Mr. Dionne favors fiscal stimulus. Big fiscal stimulus:
President Obama has only one option as he ponders a world economy teetering on the edge: He needs to go big, go long and go global.
Obama should not be constrained by what the Tea Party might allow subservient Republican leaders in Congress to do. He should state plainly, eloquently and in detail what he thinks needs to happen. Neither history nor the voters will be kind to him if he lets caution and political calculation get in the way.
Going big means immediate action to boost the economy, even though this will increase the short-term deficit. His proposals to continue the payroll tax cut, extend unemployment insurance and enact patent reform are good, but they are not enough.
The federal government needs to come to the aid of state and local governments again; the budget cuts they are being forced to make are precisely what the economy does not need now. We must find ways of boosting spending as quickly as possible on roads, bridges, transit and other building projects, including a new program to rehabilitate the nation’s dilapidated schools. And the administration needs to do far more to resolve the mortgage mess, which is holding back consumers.

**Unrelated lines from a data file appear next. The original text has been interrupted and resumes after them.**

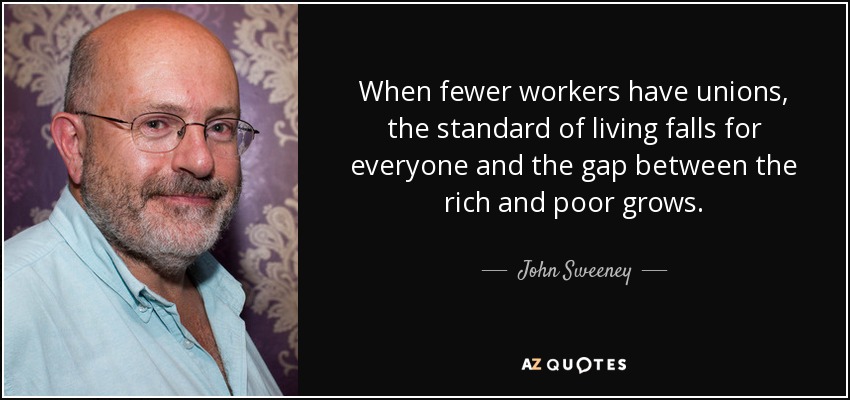 When fewer workers have unions, the standard of living falls for everyone and the gap between the rich and poor grows. - John Sweeney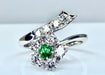 Ring 48 18k white gold emerald and diamond ring 58 Facettes AB294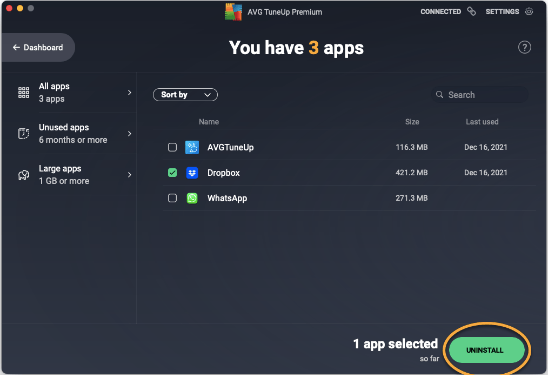 Unused apps and Large apps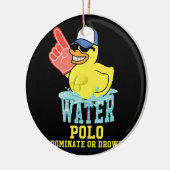 Water Polo Rubber Duck Dominate oder Drop on Funny Keramik Ornament (Links)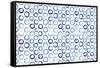 Seamless Pattern of Watercolor Blue Circles in Polka Dot Style-Katerina Izotova Art Lab-Framed Stretched Canvas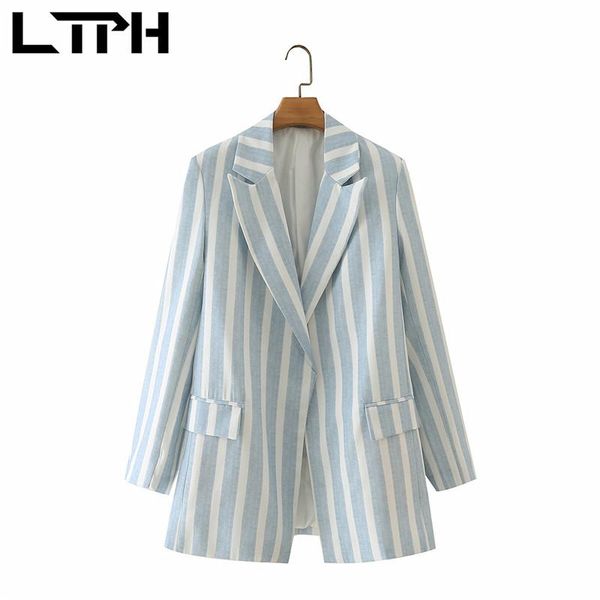 

women's suits & blazers ltph vintage striped women blazer straight loose casual jackets office ladies long sleeve pockets suit coat 202, White;black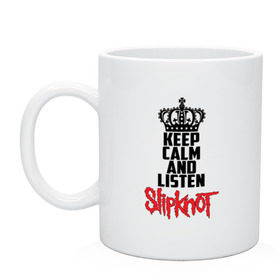 Кружка с принтом Keep calm and listen Slipknot , керамика | объем — 330 мл, диаметр — 80 мм. Принт наносится на бока кружки, можно сделать два разных изображения | Тематика изображения на принте: slipknot | альтернативный | грув | кори тейлор | крис фен | метал | музыка | ню | рок | слайпкнот | слипкнот | слипнот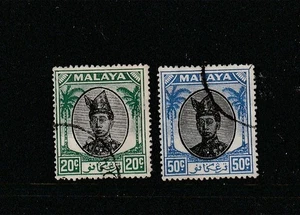 Malaya Trengganu 1949/55 20c Green & Black & 50c FU SG 78 & 84 - Bild 1 von 2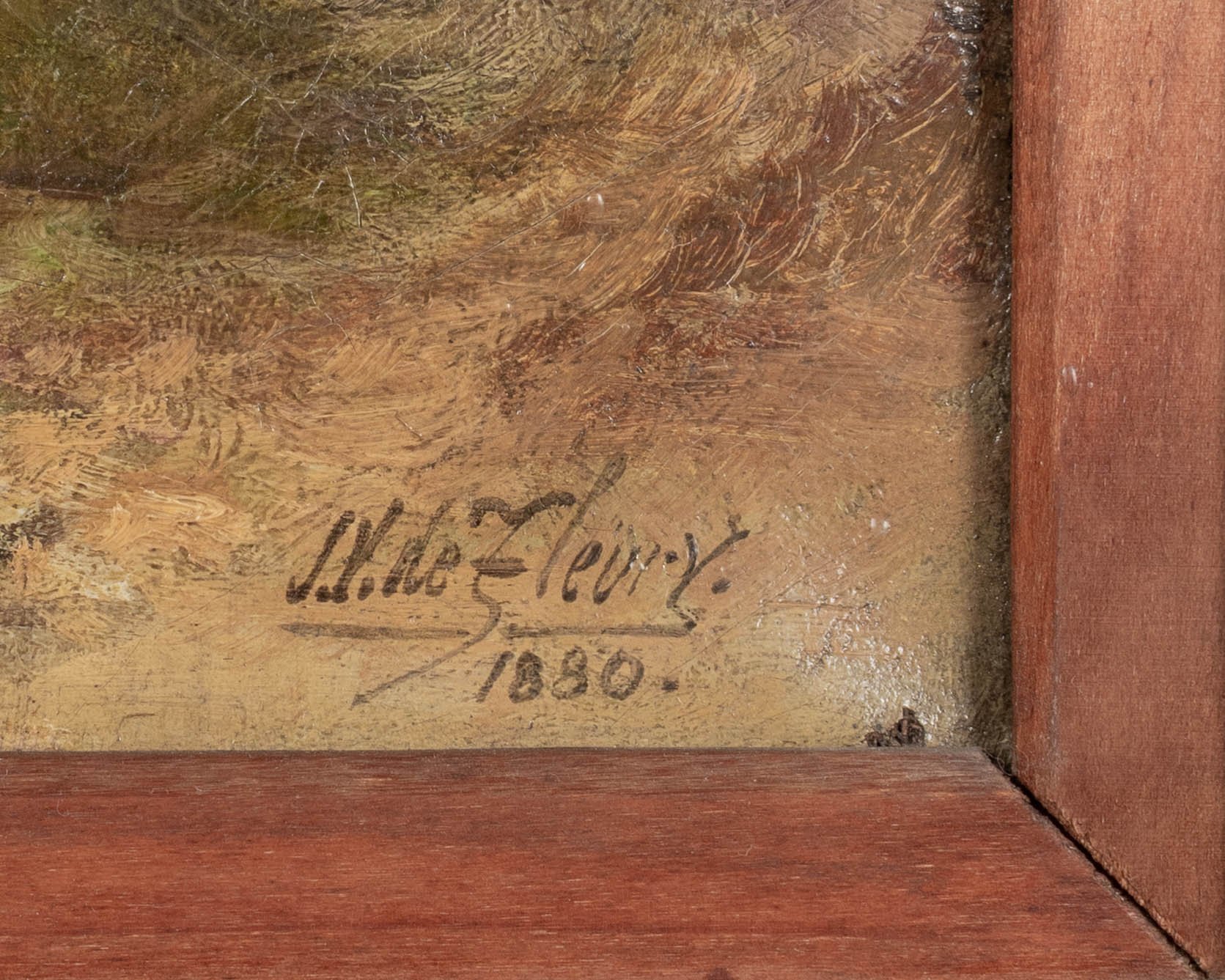 19th Century Painting by James Vivien de Fleury "Montfort, Brittany"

Tim Cavanaugh presents the flip side of the coin:
Is it possible that the choice between budget-balancing and job creation is a false choice?
Does government actually create jobs?
Is there any reason to believe at least $2 trillion in fiscal stimulus and $2.9 trillion in monetary stimulus since 2008 have made a positive difference in the economy—especially considering that most economic indicators are worse than the worst-case scenarios that were made public when those spending decisions were approved?
How does a deal that contains no actual cuts, adds to an existing $14 trillion pile of public debt, and preserves spending for cowboy poetry qualify as an “austerity” budget?
And how many times can the Keynesian consensus fail the test of outcomes before it goes away for good?
I’ve already outlined my views here.
Given the recent experience and the country’s serious budget problems (remember: it will require more than $600 billion dollars of combined additional revenue and cuts per year just to stabilize our fiscal situation) I continue to think it’s incumbent on those who propose aggressive fiscal stimulus in the present and even higher taxes and deeper cuts in the future to provide some specifics on how they plan to spend the dough. Infrastructure spendin isn’t a specific. Bridges to nowhere are infrastructure spending, too. Does maintaining the scheduled step pay increases for big city school district teachers or seniority pay increases for police officers count as effective fiscal stimulus?